Tuesday 24 January 2012

cat stretch

Posted by speedygeoff on Tuesday, January 24, 2012 with
Training at Parliament House last night: Major construction was happening in preparation for the Australia Day concert, but there was room on the grassy area down towards old Parliament House for us to run continuous relays, for a change, it being cool enough for a harder session. Eighteen participants meant we had six teams of three: for twelve minutes of shorter sprints we formed three fast balanced teams and three other (I won't use the "s" word!) balanced teams. And for fifteen minutes of longer sprints we reformed into six balanced teams. In a rectangle on the grass; Short intervals: alternately diagonal or up, recovery across. Long intervals: diagonal and up, recovery down and up.  Taking part were Andrew, Andy, Caroline, Cathy, Colin, Craig, Ewen, me, Havilah (new), Laura (new), Lauren, Lincoln, Mick, Neil, Ruth, Warrick, Yelena & Zainab. Ewen & I ran 8k early as well. And I had run 6k in the morning, trying to get extra distance in before going away later in the week.


Song of the week: Charlie Brown, by Coldplay.
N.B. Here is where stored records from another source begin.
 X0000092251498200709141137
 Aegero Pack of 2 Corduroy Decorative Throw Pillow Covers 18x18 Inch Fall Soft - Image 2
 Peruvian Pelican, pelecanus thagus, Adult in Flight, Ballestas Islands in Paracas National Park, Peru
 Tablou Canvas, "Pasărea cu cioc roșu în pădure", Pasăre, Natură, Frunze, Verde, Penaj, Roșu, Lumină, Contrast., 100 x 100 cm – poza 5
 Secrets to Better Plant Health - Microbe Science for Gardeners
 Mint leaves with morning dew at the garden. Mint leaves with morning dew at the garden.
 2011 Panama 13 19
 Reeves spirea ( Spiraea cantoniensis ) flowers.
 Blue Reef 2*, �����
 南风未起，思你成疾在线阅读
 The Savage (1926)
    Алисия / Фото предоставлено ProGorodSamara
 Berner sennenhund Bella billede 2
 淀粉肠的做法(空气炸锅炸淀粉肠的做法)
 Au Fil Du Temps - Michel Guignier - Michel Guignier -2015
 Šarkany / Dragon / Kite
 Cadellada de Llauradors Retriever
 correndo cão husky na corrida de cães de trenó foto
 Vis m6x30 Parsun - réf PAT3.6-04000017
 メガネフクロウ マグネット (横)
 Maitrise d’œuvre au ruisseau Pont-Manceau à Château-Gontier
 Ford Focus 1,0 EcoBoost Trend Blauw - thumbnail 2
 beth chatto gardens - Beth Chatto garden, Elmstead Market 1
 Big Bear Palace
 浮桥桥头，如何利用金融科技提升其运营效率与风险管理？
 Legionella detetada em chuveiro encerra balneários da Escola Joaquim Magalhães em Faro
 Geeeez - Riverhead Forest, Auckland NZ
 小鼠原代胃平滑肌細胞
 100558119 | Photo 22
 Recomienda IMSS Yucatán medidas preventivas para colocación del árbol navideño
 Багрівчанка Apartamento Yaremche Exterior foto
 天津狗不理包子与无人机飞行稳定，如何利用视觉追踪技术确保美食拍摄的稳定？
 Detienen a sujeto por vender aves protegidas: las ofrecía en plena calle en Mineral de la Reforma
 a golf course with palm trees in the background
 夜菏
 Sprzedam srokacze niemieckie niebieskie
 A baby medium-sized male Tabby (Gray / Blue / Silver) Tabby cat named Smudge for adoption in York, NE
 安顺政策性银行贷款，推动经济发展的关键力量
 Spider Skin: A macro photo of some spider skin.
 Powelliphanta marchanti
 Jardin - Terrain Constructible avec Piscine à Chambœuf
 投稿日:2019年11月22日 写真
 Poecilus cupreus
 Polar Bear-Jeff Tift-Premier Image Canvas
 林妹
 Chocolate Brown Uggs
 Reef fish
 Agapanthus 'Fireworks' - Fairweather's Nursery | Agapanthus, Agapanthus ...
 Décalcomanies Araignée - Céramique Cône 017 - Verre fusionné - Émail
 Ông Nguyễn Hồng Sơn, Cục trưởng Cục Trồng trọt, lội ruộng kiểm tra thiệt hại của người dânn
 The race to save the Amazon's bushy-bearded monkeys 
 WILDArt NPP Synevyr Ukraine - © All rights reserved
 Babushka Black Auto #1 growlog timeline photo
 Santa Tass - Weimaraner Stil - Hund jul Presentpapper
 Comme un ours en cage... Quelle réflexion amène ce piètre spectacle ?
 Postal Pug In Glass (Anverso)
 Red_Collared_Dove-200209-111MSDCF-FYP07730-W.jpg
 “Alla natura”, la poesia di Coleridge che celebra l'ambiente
A rare bit of political commentary: With the US a long way from here, but the media covering political events there as if it were the main topic of conversation in Australia, which it isn’t, I am rather tired of hearing US politicians talk incessantly about “democracy” as if it’s the universal panacea for all the world’s ills. I am rather more impressed by the ideas expressed in the following quote, seen recently on a friend’s blog.Democracy in the eighteenth century was not yet the article of faith that it would become in the decades following the American Revolution. It was still a technical term of political science, meaning simply rule by the people. In traditional political thinking going back to the ancient Greeks, rule by the people alone was never highly regarded, for it could easily slip into anarchy and a takeover by a tyrant. The best constitution was one that was mixed or balanced, where the people's rule was offset by the rule of the aristocracy and monarchy. Eighteenth-century intellectuals admired the English constitution so much because it seemed to have nicely mixed and balanced the three simple forms of government, monarchy, aristocracy, and democracy, in the Crown, House of Lords, and House of Commons." - The Americanization of Benjamin Franklin, Gordon S. Wood.